*** Data for this exercise

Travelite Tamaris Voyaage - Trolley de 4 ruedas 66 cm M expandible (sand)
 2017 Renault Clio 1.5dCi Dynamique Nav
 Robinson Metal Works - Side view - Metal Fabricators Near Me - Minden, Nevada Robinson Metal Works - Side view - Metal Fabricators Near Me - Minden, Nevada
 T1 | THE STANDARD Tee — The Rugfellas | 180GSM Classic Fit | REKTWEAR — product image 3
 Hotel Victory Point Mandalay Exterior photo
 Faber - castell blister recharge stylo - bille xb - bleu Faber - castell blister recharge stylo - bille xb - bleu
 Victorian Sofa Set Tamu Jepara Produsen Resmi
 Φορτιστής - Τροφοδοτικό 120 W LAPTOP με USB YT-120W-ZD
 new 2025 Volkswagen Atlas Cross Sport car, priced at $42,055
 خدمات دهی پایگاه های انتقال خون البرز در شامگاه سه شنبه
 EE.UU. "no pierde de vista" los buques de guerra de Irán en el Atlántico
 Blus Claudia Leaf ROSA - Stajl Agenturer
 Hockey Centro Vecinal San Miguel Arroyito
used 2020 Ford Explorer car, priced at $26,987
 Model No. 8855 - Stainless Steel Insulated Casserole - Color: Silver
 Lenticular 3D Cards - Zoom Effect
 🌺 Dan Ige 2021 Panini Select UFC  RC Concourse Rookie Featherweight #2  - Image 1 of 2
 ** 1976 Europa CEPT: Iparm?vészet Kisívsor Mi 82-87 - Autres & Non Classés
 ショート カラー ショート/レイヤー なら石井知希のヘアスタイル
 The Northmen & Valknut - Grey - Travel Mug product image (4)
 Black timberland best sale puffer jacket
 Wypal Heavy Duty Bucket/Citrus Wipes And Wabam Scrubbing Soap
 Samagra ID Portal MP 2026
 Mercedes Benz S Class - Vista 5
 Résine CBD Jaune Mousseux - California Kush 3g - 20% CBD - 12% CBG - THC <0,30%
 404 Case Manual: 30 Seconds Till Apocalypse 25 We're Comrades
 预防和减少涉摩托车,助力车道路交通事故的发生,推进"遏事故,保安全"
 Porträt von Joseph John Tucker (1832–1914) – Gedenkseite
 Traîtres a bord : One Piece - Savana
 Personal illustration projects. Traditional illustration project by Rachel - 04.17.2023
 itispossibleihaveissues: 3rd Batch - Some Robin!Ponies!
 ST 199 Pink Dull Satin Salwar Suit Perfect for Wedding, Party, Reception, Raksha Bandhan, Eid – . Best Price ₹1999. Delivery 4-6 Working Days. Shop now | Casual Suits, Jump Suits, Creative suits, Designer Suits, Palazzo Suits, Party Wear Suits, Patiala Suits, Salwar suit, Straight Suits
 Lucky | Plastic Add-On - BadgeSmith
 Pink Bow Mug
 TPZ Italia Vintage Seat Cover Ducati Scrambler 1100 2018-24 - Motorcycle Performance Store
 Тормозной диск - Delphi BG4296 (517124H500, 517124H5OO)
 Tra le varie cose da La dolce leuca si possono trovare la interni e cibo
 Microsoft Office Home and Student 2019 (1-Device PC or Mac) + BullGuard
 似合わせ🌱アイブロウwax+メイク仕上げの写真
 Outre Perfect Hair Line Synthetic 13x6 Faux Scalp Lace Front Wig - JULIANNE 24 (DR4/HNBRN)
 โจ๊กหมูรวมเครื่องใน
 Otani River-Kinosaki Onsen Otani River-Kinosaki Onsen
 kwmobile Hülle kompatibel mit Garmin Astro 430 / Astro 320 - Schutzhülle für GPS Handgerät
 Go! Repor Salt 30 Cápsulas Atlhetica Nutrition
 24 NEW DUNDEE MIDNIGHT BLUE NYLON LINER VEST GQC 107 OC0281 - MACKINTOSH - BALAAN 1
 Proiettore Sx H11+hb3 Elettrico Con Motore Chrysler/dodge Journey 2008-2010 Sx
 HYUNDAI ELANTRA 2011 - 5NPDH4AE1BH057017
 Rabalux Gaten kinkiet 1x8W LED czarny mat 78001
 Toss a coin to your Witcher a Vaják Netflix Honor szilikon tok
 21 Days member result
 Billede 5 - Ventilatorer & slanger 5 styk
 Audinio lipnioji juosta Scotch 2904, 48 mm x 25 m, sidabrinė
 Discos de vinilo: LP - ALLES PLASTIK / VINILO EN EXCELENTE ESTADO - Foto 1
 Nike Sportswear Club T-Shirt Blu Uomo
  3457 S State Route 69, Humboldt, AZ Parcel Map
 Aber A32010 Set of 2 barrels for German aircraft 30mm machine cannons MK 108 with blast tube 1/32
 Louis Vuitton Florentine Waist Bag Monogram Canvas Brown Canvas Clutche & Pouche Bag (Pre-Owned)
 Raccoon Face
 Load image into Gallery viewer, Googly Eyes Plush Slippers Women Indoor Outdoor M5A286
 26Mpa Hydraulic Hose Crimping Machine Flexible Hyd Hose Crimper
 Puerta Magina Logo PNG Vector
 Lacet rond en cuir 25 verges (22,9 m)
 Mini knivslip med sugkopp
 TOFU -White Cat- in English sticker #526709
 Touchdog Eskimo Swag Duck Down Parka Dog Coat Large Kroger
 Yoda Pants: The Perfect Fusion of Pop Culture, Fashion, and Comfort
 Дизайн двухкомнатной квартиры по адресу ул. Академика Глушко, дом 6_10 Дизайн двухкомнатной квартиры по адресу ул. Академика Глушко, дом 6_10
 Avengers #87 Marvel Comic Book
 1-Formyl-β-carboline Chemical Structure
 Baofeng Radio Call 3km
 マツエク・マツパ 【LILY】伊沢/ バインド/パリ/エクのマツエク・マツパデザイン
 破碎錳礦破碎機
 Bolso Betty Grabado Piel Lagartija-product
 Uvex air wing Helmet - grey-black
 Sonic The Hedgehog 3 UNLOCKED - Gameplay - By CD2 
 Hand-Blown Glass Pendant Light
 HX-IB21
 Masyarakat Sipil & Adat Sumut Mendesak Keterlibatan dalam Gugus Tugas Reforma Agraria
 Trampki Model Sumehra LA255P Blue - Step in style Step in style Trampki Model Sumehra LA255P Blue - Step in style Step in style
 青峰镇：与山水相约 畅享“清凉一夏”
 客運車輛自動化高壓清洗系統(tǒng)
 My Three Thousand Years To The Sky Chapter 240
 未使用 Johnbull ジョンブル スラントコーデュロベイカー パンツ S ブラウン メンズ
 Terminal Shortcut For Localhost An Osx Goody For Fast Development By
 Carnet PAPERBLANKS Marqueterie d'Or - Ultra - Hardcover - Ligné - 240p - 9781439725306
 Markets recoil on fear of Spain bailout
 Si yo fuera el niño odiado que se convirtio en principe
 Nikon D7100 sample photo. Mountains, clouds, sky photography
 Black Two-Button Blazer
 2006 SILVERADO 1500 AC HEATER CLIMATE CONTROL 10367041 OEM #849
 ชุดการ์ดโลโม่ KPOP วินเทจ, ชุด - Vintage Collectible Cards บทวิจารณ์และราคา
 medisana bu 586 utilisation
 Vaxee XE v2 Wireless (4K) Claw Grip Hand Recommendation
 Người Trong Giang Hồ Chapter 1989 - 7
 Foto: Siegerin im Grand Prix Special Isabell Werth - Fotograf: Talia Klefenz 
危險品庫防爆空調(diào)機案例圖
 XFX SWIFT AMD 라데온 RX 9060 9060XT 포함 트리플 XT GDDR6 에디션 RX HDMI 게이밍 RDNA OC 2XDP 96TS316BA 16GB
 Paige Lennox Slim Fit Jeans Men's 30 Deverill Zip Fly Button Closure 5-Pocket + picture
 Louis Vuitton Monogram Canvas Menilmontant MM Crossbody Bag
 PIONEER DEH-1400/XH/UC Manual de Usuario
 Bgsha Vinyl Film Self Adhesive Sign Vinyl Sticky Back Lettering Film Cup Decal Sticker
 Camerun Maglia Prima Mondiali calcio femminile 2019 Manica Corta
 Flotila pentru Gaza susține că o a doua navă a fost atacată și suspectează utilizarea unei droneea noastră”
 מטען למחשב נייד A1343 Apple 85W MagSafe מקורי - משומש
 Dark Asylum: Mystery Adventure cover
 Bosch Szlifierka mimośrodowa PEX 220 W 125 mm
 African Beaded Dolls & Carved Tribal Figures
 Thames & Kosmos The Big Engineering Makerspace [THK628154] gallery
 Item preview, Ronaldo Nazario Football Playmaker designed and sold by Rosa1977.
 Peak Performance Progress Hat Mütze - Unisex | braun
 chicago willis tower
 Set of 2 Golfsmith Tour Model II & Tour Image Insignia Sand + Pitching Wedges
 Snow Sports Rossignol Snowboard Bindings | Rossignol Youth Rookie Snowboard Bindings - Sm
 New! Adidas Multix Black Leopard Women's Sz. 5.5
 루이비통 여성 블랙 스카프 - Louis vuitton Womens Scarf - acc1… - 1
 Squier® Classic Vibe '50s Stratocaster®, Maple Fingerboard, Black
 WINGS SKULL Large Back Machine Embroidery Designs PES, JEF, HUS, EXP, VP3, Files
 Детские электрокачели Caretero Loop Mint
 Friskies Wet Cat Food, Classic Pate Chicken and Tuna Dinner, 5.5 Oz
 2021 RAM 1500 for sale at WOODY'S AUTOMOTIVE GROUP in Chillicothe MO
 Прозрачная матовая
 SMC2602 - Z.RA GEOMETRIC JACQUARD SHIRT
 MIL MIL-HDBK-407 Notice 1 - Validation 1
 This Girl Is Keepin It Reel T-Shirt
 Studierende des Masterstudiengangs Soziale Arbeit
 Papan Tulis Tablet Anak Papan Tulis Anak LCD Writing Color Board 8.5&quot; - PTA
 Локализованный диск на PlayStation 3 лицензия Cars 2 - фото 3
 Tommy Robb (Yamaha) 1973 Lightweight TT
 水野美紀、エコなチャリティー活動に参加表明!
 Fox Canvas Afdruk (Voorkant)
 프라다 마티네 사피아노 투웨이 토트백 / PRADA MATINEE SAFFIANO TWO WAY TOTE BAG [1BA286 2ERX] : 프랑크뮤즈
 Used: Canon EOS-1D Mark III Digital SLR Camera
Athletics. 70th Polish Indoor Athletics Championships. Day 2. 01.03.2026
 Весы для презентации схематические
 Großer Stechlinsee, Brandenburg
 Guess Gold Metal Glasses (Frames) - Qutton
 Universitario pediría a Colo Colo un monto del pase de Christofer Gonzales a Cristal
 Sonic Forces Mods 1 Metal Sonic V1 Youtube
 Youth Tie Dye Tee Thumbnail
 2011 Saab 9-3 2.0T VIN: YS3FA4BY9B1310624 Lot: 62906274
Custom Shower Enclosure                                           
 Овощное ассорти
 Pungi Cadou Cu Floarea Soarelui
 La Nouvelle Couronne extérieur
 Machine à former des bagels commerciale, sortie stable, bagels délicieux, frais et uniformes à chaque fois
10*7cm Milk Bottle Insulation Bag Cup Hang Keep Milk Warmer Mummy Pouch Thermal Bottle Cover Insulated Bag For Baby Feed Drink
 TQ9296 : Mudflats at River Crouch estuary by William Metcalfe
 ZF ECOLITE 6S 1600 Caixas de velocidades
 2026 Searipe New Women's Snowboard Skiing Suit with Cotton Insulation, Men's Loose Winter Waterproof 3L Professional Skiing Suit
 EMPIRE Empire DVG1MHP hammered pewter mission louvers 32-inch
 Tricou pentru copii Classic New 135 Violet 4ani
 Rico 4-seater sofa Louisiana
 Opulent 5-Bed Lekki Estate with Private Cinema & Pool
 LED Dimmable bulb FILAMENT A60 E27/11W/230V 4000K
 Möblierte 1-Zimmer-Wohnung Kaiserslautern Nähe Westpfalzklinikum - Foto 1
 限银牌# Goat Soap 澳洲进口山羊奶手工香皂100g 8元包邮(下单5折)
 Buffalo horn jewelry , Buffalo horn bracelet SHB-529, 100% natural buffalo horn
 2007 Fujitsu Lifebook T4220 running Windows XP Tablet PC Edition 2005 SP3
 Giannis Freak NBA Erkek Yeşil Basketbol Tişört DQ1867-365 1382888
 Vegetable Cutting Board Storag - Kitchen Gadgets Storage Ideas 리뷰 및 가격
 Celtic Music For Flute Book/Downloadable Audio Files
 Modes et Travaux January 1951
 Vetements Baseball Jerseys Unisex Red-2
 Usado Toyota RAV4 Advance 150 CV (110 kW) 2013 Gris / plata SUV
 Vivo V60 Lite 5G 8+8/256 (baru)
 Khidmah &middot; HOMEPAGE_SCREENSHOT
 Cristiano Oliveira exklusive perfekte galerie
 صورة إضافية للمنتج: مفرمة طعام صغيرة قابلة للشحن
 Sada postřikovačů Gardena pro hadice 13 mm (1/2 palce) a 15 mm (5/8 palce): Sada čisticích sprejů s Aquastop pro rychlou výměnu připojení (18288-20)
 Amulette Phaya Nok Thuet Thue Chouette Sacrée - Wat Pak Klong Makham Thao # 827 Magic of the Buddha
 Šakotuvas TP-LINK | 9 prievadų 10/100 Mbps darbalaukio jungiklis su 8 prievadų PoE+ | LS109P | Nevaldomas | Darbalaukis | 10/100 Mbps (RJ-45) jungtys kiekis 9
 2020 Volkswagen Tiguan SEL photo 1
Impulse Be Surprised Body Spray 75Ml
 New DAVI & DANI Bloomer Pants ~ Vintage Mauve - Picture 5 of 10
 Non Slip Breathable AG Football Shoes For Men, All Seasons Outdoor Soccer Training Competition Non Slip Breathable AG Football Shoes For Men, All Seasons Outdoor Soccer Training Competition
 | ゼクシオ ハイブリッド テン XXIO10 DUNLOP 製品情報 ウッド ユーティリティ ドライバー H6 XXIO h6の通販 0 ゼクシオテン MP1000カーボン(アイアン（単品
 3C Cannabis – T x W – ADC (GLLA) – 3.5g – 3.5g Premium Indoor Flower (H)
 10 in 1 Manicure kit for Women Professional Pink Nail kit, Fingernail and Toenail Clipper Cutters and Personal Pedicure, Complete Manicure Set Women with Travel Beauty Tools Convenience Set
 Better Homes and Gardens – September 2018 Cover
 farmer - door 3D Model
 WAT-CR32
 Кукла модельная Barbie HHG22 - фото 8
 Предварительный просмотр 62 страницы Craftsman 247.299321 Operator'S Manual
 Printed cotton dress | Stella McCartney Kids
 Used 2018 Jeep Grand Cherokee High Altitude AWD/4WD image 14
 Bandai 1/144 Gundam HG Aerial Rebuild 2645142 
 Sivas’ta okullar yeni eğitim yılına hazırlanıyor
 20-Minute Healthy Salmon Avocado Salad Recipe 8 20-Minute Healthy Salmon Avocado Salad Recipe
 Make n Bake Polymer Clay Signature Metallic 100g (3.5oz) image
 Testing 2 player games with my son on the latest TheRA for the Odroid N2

******

What this task involves:
Please return every line from the first one in the records above down to the line containing "Samagra ID Portal MP 2026", including both, exactly as written and nothing more.

Result of the task:
Travelite Tamaris Voyaage - Trolley de 4 ruedas 66 cm M expandible (sand)
 2017 Renault Clio 1.5dCi Dynamique Nav
 Robinson Metal Works - Side view - Metal Fabricators Near Me - Minden, Nevada Robinson Metal Works - Side view - Metal Fabricators Near Me - Minden, Nevada
 T1 | THE STANDARD Tee — The Rugfellas | 180GSM Classic Fit | REKTWEAR — product image 3
 Hotel Victory Point Mandalay Exterior photo
 Faber - castell blister recharge stylo - bille xb - bleu Faber - castell blister recharge stylo - bille xb - bleu
 Victorian Sofa Set Tamu Jepara Produsen Resmi
 Φορτιστής - Τροφοδοτικό 120 W LAPTOP με USB YT-120W-ZD
 new 2025 Volkswagen Atlas Cross Sport car, priced at $42,055
 خدمات دهی پایگاه های انتقال خون البرز در شامگاه سه شنبه
 EE.UU. "no pierde de vista" los buques de guerra de Irán en el Atlántico
 Blus Claudia Leaf ROSA - Stajl Agenturer
 Hockey Centro Vecinal San Miguel Arroyito
used 2020 Ford Explorer car, priced at $26,987
 Model No. 8855 - Stainless Steel Insulated Casserole - Color: Silver
 Lenticular 3D Cards - Zoom Effect
 🌺 Dan Ige 2021 Panini Select UFC  RC Concourse Rookie Featherweight #2  - Image 1 of 2
 ** 1976 Europa CEPT: Iparm?vészet Kisívsor Mi 82-87 - Autres & Non Classés
 ショート カラー ショート/レイヤー なら石井知希のヘアスタイル
 The Northmen & Valknut - Grey - Travel Mug product image (4)
 Black timberland best sale puffer jacket
 Wypal Heavy Duty Bucket/Citrus Wipes And Wabam Scrubbing Soap
 Samagra ID Portal MP 2026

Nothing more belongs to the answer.